### [DATA SEGMENT]
-- Opening Marker --
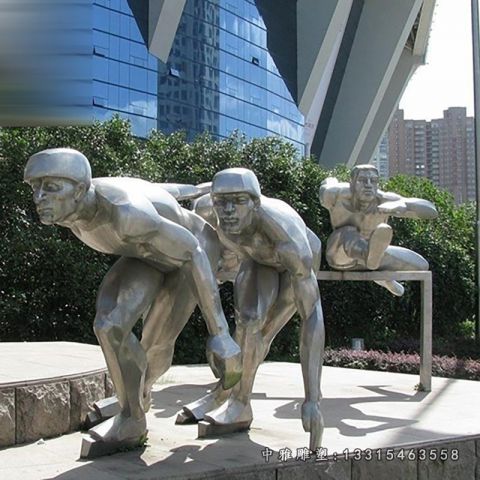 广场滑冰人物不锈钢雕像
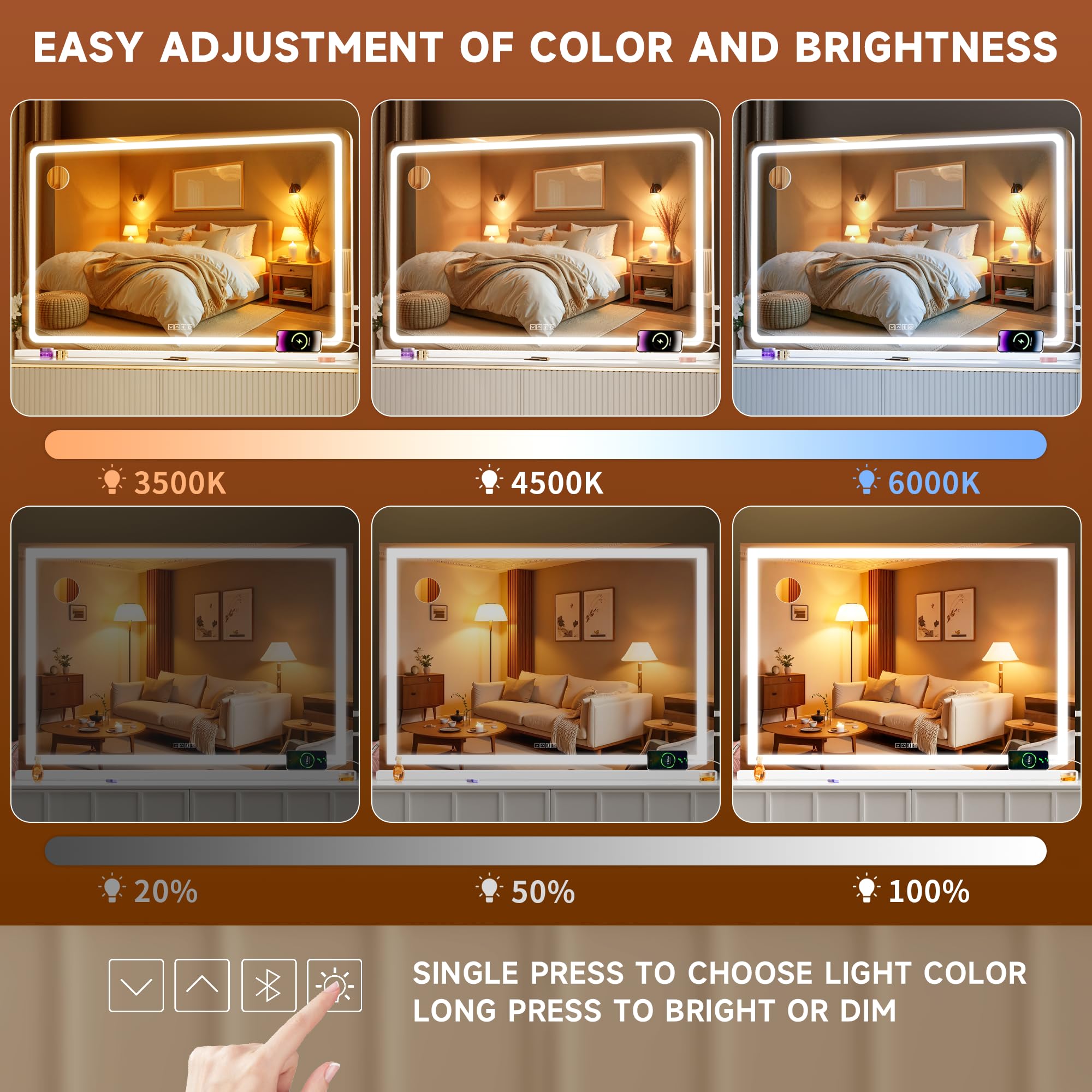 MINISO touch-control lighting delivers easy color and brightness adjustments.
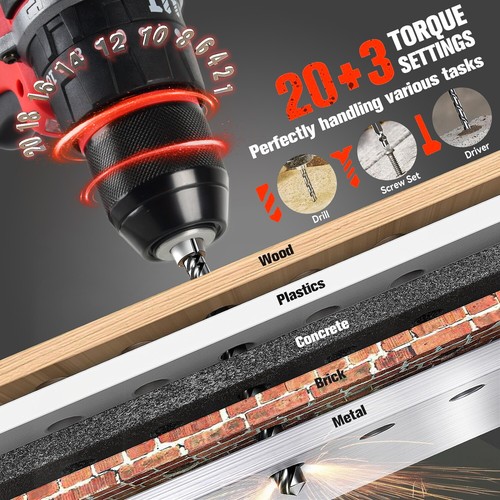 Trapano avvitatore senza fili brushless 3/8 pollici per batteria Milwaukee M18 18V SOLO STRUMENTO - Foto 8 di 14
-- Closing Marker --
### [REQUIRED ACTION]
Reproduce the whole listing above word for word, but not its pictures.

### [WRITTEN RESPONSE]
 广场滑冰人物不锈钢雕像
 MINISO touch-control lighting delivers easy color and brightness adjustments.
 Trapano avvitatore senza fili brushless 3/8 pollici per batteria Milwaukee M18 18V SOLO STRUMENTO - Foto 8 di 14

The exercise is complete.